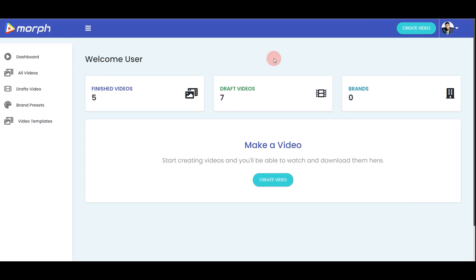Hey everyone, this is Benson Tay here. I'm logged inside the members area of Morph. In this quick training and demo video, I'm going to walk you through exactly how this software works, how you can maximize the potential of Morph, create stunning no-face videos, drive massive targeted free traffic to any of your links or web pages, and turn those clicks into sales, profit, and commissions.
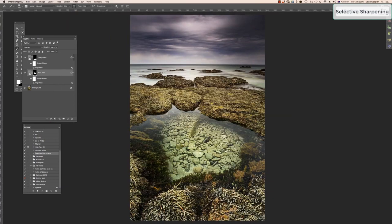If you don't know how to record an action, I've got a YouTube video on that — go check it out. For this image I'd make one more layer and do the same process for the mid-ground. This technique allows you to add sharpening selectively to different areas, and because it's a smart object you can go back into the high pass filter and adjust at any time. Keep any sharpening subtle and don't overdo it. Let me know in the comments if you can use this in your workflow, or if you have another sharpening method to share. Thanks for watching — have a great day!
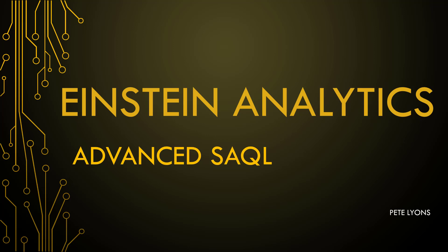Hi, this is Pete Lyons with Let's Play Salesforce, and in this Einstein Analytics video, we're going to be taking on an advanced SAQL challenge by using SOQL and SAQL together for white space analysis.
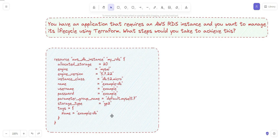The name, username, and password parameters are used to specify the name and login credentials of the database. To manage the RDS instance lifecycle, you use terraform apply to create the RDS instance. After the instance has been created, you can use the terraform plan command to make changes to the RDS instance configuration, such as modifying the instance, modifying the storage volume, or adding tags.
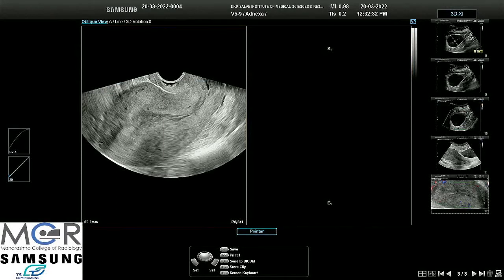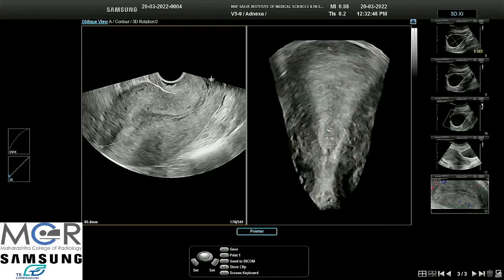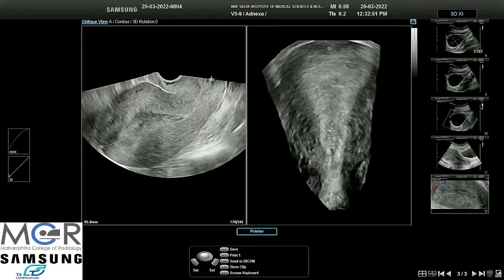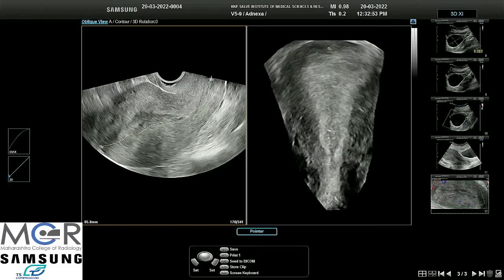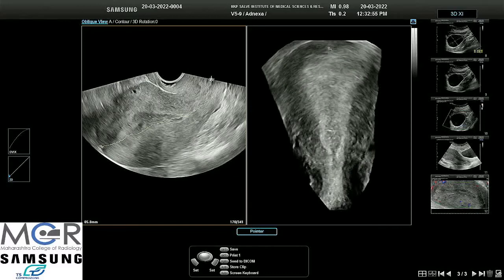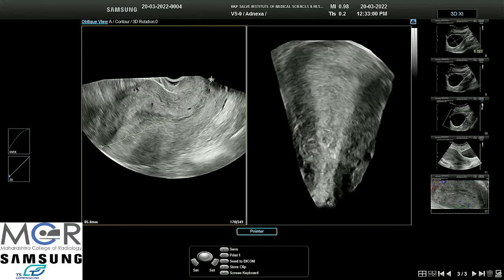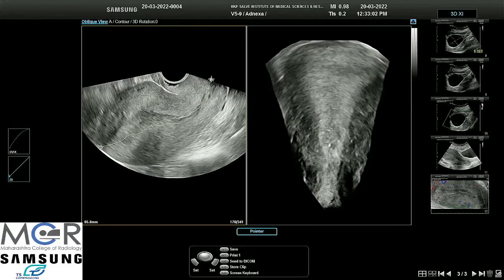Dr. Saw is taking the 4D. I am just highlighting the points — the endo-myometrial interface is not clearly visualized, that is lost. We can see some glands protruding inside, and besides there is irregularity in the endometrial lining.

|---|

#### Exercise objective:
Images in the records should not be copied. Repeat all the rest exactly.

#### Expected answer:
Hey everyone, this is Benson Tay here. I'm logged inside the members area of Morph. In this quick training and demo video, I'm going to walk you through exactly how this software works, how you can maximize the potential of Morph, create stunning no-face videos, drive massive targeted free traffic to any of your links or web pages, and turn those clicks into sales, profit, and commissions.
If you don't know how to record an action, I've got a YouTube video on that — go check it out. For this image I'd make one more layer and do the same process for the mid-ground. This technique allows you to add sharpening selectively to different areas, and because it's a smart object you can go back into the high pass filter and adjust at any time. Keep any sharpening subtle and don't overdo it. Let me know in the comments if you can use this in your workflow, or if you have another sharpening method to share. Thanks for watching — have a great day!
Hi, this is Pete Lyons with Let's Play Salesforce, and in this Einstein Analytics video, we're going to be taking on an advanced SAQL challenge by using SOQL and SAQL together for white space analysis.
The name, username, and password parameters are used to specify the name and login credentials of the database. To manage the RDS instance lifecycle, you use terraform apply to create the RDS instance. After the instance has been created, you can use the terraform plan command to make changes to the RDS instance configuration, such as modifying the instance, modifying the storage volume, or adding tags.
Dr. Saw is taking the 4D. I am just highlighting the points — the endo-myometrial interface is not clearly visualized, that is lost. We can see some glands protruding inside, and besides there is irregularity in the endometrial lining.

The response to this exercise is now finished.